Credit insurance is a controversial form of insurance that you purchase when you take out a loan. If you die, are disabled, or lose your job, your credit insurance policy makes payments on your debt until the loan is paid off or the policy ends. Credit insurance is linked with a specific loan and the cost of the policy is typically folded into your loan payments.

Although the various forms of credit insurance are big business, they are frequently criticized for being too expensive and too restrictive. Anyone thinking about getting credit insurance should compare credit insurance to other forms of life insurance, such as term life insurance, which can provide better coverage at a much cheaper premium.

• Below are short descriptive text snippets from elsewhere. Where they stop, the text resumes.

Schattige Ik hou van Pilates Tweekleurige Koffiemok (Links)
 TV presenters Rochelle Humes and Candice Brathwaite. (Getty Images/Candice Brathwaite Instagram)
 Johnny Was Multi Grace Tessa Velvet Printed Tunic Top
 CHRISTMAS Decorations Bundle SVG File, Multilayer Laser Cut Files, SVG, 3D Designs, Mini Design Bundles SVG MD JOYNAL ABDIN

The Types of Credit Insurance

Credit life insurance covers policyholders in the events of death, while credit disability insurance provides coverage for disabilities. Generally, you have to remain disabled for a certain number of days before the policy begins making payments, and when it does, those payments are either retroactive to the date of your disability or kick in after a waiting period of 14-30 days, depending on the terms of the policy.

Credit unemployment insurance makes your minimum monthly loan payments if you lose your job through a layoff or involuntary unemployment. Like credit disability insurance, you have to remain unemployed for a specific period of time and the benefit is either retroactive or kicks in after a waiting period.

Another type of policy, credit property insurance, is written for a purchase in which the collateral is not a motor vehicle, mobile home, or real estate. The policy pays to repair or replace a purchased item if it is lost, damaged, or stolen.